How to explain low RTT between extremely long (10s) ping intervals?

I am using the ping utility to troubleshoot what seems to be a slow Internet connection on my home network, but I'm finding the results unusual and difficult to interpret.

I have a Linksys wireless router, and have tried the following simultaneous tests: pinging the the router from my computer, pinging google.com from the router, and pinging google.com from my computer, via the router. Pinging the router from the computer, and pinging Google from the router both work as expected, with minimal packet loss, and low round-trip time ( min/avg/max = 1.601/3.465/9.926, and 20/20/70 respectively).
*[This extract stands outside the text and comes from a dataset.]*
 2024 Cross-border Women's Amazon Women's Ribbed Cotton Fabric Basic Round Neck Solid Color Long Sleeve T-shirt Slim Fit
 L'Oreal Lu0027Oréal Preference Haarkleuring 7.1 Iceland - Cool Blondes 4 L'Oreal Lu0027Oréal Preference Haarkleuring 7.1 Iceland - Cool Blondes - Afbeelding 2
However, pinging Google from my computer, via the router, reports something that seems very strange to me. It reports a low RTT, and minimal packet loss, but the interval of each ping request, which should be the default 1s, is more like 10s. What this looks like is about a 10s delay between each time ping prints some output. But the resulting RTT is low, e.g.:

64 bytes from 74.125.226.115: icmp_seq=31 ttl=52 time=29.2 ms

When I run this side-by-side with the other tests, the other tests will have sent about 100 requests at the time that this test will have sent 10. This seems to contradict the low RTT reported, so I'm not sure how to make sense of this.
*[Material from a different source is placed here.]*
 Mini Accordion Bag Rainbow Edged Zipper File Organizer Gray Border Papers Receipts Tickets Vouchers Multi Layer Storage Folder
I'd appreciate any insight anyone can offer.


Solution 1:

It seems that ping does a name resolution before each ICMP request is sent.

Maybe it is implemented that way, so that a long-running ping will continue to ping the correct host, even when the host<->IP mapping changes during runtime.

If there is a delay in name resolution (for example, because the RR has a very low TTL and your caching DNS server does not enforce a minimum TTL), then you will likely see long delays between each ICMP request, but individual responses having a low TTL.

Long story short, as suggested elsewhere, try ping -n.

Solution 2:

Run ping with the -n option, so that it does not do reverse name resolution. It is probably your router's dns software, and ping is waiting for the result of the dns lookup and not the icmp reply.

If -n helps, you have two options:

  • fix your router
  • switch to some public dns provider on your PC (like google public dns)

Solution 3:

I also had the problem with 'slugish' ping results after installing dd-wrt as the gw router. I also noticed 'slugish' ping from linux boxes, but no problems from windows boxes. I tried to run with -n and this improved the ping!

Question is, what is root cause, how to fix it so that the lookup goes faster like before?

Solution 4:

Is there some QoS feature on your router (especially if it's flashed to Tomato or DD-WRT) limiting or de-prioritizing ICMP traffic? It could be the router is rate-limiting pings. So it could be the router is allowing LAN hosts to issue only 1 ping per 10 seconds, but when that ping is allowed through it works fine, so that could account for the low RTT but high delays.